He pointed out that a marble sized ball of neutronium would not only need a SF "force field" to keep it under pressure, but also be in time stasis because it would give off as much energy as some rediculous number of atomic weapons per second.

A time stasis field would block anything inside it from view (in Larry Nivin's stories they are perfect mirrors) and can't be effectivly transparent because the stopped time inside would stop the light from coming or going.

If it were contained and stabilized in some manner that did not cloak it, what might it look like? Bulk objects reflect light selectively to give color, due to the electrons blending into a net of sorts that have many ways to stash energy so "take" light of any frequency. A pure element gas would show spectral lines, coming or going as the case may be, and ignores light of different frequencies because there are only specific energy levels present. So, for example, it would be perfectly transparent except for a narrow bit of yellow taken out. Hey, sounds like air, nice and clear to our range of frequencies.

So are the electrons in our sample a mesh like a mineral grain, finiky like a gas, or liquidy like a metal? Uh... what electrons? Actually any charged particle will do. Nope, none of any kind, just neutrons.

So, it would be perfectly transparent. Not considering gravity lensing, and the effects of whatever is stabilizing it. Or maybe not... if it's really "like a neutron star" you would have other stuff in it at equilibrium, plus a crust of other materials covers it so you can't see it anyway so let's suppose pure contained neutrons somehow.

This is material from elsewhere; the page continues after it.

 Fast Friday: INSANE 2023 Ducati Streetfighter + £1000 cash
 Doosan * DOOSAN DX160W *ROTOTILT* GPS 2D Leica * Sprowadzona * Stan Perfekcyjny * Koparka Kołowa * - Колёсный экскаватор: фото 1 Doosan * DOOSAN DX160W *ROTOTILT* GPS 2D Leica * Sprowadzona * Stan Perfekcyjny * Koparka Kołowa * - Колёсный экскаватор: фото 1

But, in a story setting that would give you licence to make it clear, black, white, or mirror, "depending".

Actually, neutrons have a concentric separation of charges, so from the outside the concentric charges cancel out, but might that give some degrees of freedom for light to interact with? If the skin's charges can somehow blend together and work like a mineral grain, I think it would not react to anything less than hard x-rays, so still invisible to our eyes.

Effects of a very small electric dipole moment (and I do mean very) beyond the Standard Model would be correspondingly small, so don't expect anything visible from unknown effects yet to be discovered.

Does magnetism affect light, if very strong? That's a question for another topic. If you could get all the neutrons to line up their fields...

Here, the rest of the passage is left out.